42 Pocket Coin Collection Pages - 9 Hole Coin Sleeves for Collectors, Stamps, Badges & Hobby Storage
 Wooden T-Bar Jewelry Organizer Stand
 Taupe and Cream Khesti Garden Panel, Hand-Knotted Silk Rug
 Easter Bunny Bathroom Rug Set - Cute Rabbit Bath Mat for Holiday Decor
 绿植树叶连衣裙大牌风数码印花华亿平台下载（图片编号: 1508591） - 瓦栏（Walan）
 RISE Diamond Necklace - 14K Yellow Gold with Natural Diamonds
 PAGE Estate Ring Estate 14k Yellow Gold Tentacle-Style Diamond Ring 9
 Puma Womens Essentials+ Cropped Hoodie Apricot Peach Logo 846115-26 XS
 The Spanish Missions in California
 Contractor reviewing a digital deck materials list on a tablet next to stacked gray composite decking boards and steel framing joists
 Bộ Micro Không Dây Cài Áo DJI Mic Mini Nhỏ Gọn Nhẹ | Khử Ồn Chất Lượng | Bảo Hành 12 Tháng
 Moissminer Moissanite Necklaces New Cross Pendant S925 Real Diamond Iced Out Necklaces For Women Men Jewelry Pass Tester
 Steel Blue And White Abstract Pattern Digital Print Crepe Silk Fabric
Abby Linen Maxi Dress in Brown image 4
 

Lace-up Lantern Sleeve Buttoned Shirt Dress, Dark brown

### GOAL OF THE EXERCISE
The line with "绿植树叶连衣裙大牌风数码印花华亿平台下载（图片编号: 1508591） - 瓦栏（Walan）" marks the end; reproduce exactly every line from the start of the entries up to it, that line included.

### YOUR RESPONSE
42 Pocket Coin Collection Pages - 9 Hole Coin Sleeves for Collectors, Stamps, Badges & Hobby Storage
 Wooden T-Bar Jewelry Organizer Stand
 Taupe and Cream Khesti Garden Panel, Hand-Knotted Silk Rug
 Easter Bunny Bathroom Rug Set - Cute Rabbit Bath Mat for Holiday Decor
 绿植树叶连衣裙大牌风数码印花华亿平台下载（图片编号: 1508591） - 瓦栏（Walan）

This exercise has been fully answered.